Records drawn from a dataset
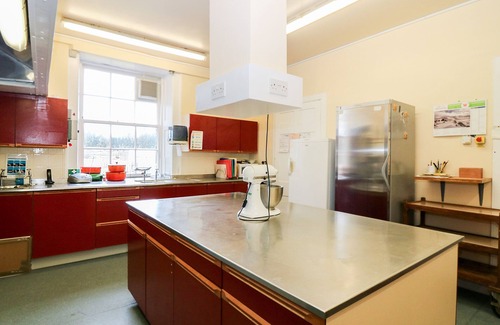 Grantown-on-Spey Cottage | INVERALLAN HOUSE, pet friendly, with open fire in Grantown-On-Spey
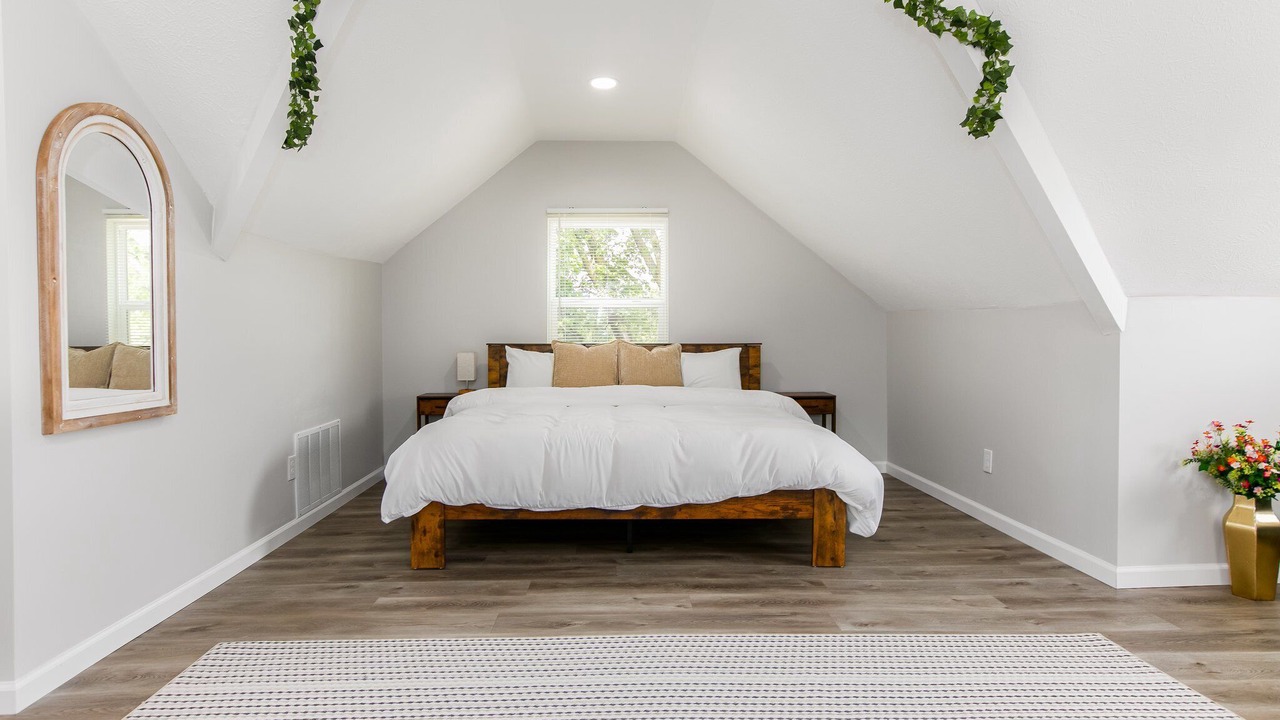 Photo of Bedroom in Near Northwest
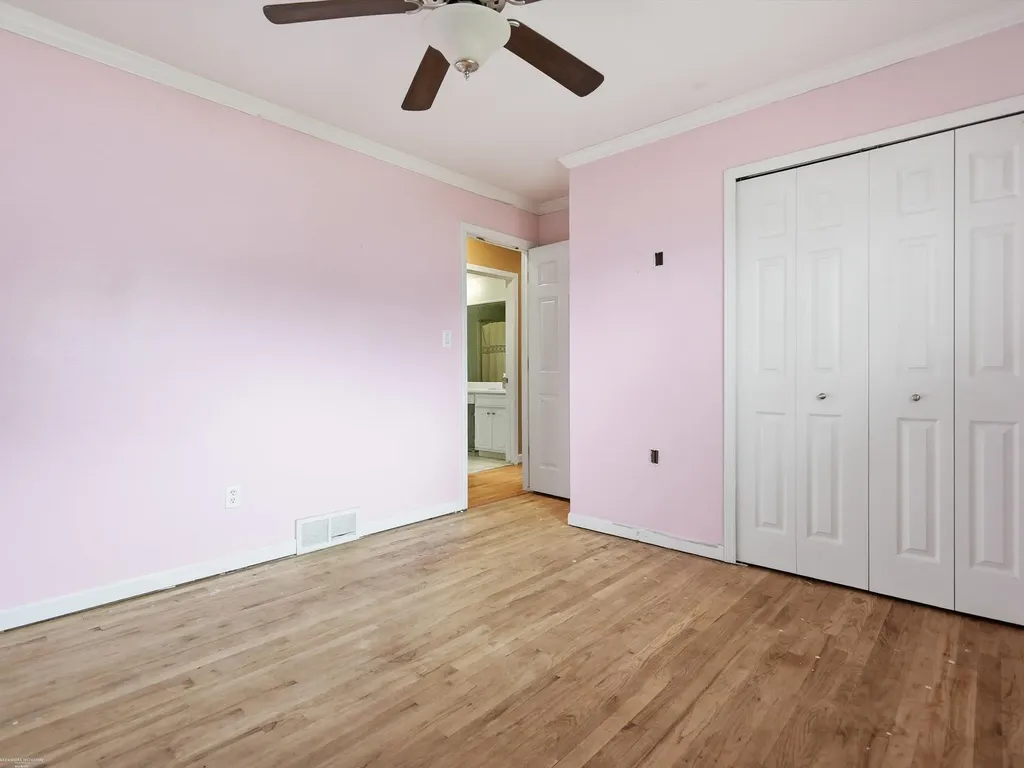 38450 Elmite Street Harrison Charter Township MI 48045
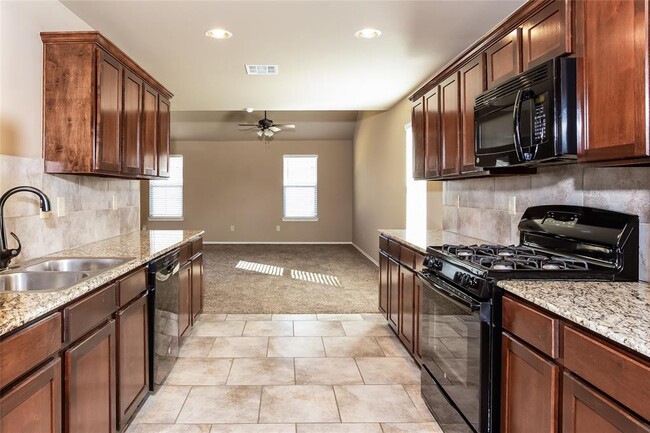 Building Photo - 7412 Comrade Ln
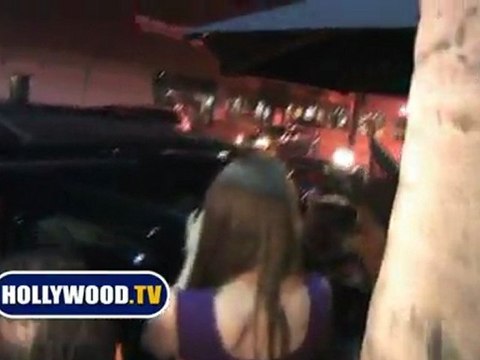 The Shield Star Michael Chiklis is Bombarded By Autographers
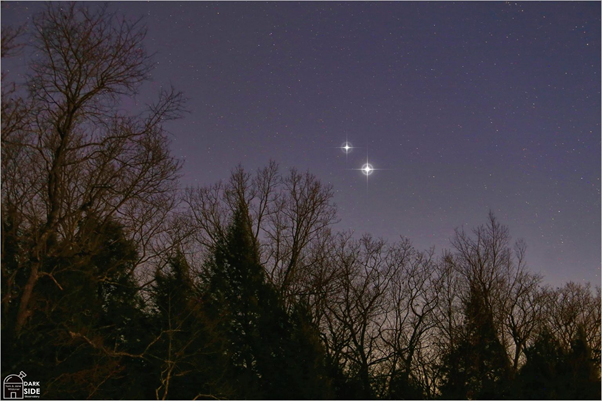 Foto da conjunção entre Saturno e Júpiter tirada em 8 de dezembro de 2020, na Pensilvânia, Estados Unidos.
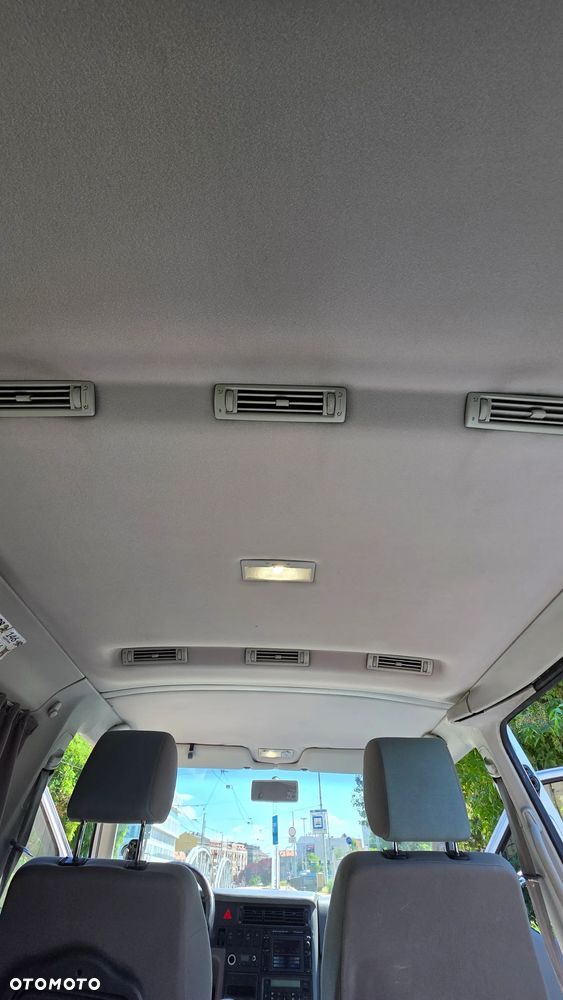 Volkswagen Multivan - 16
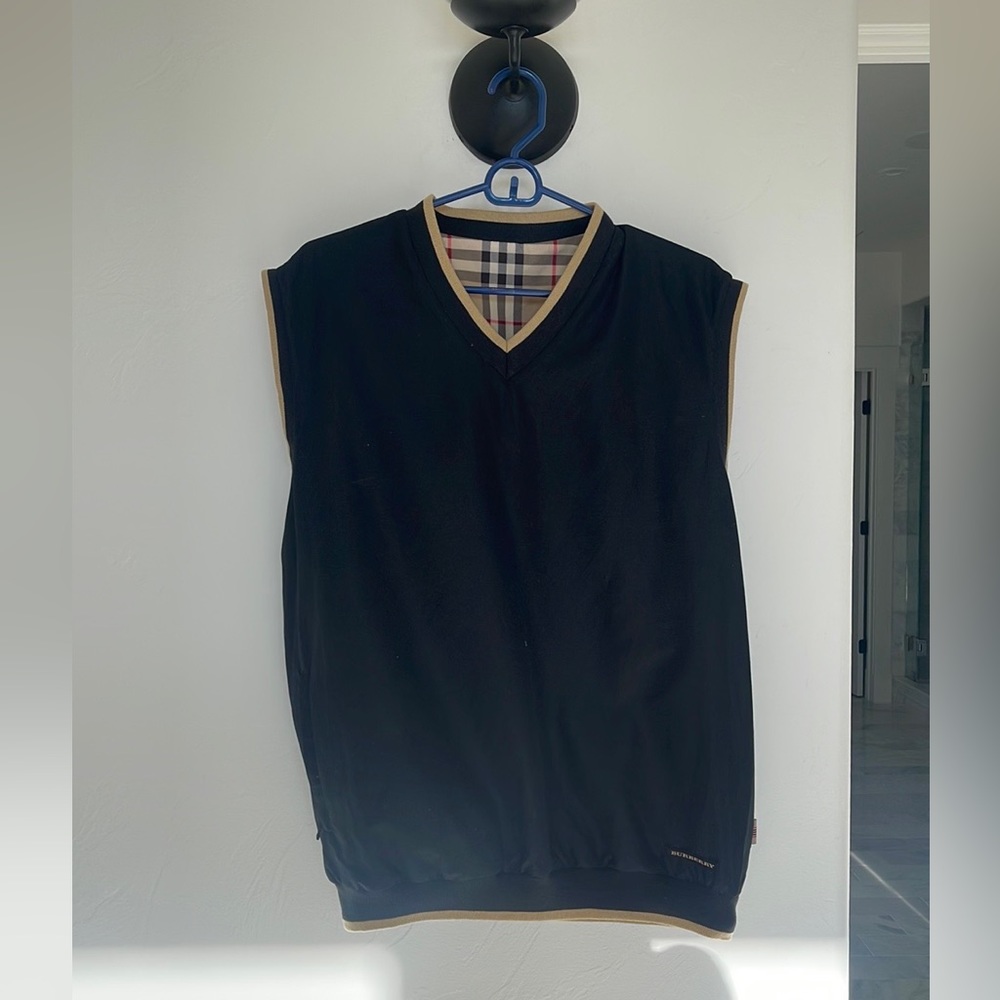 Men’s reversible Burberry vest, NWOT - a large medium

▶ **Problem statement**
Please transcribe, with no additions, the lines starting at the one that contains "Building Photo - 7412 Comrade Ln" and running through the last line of the entries, inclusive. Leave the pictures out.

▶ **Solution for this task**
 Building Photo - 7412 Comrade Ln
 The Shield Star Michael Chiklis is Bombarded By Autographers
 Foto da conjunção entre Saturno e Júpiter tirada em 8 de dezembro de 2020, na Pensilvânia, Estados Unidos.
 Volkswagen Multivan - 16
 Men’s reversible Burberry vest, NWOT - a large medium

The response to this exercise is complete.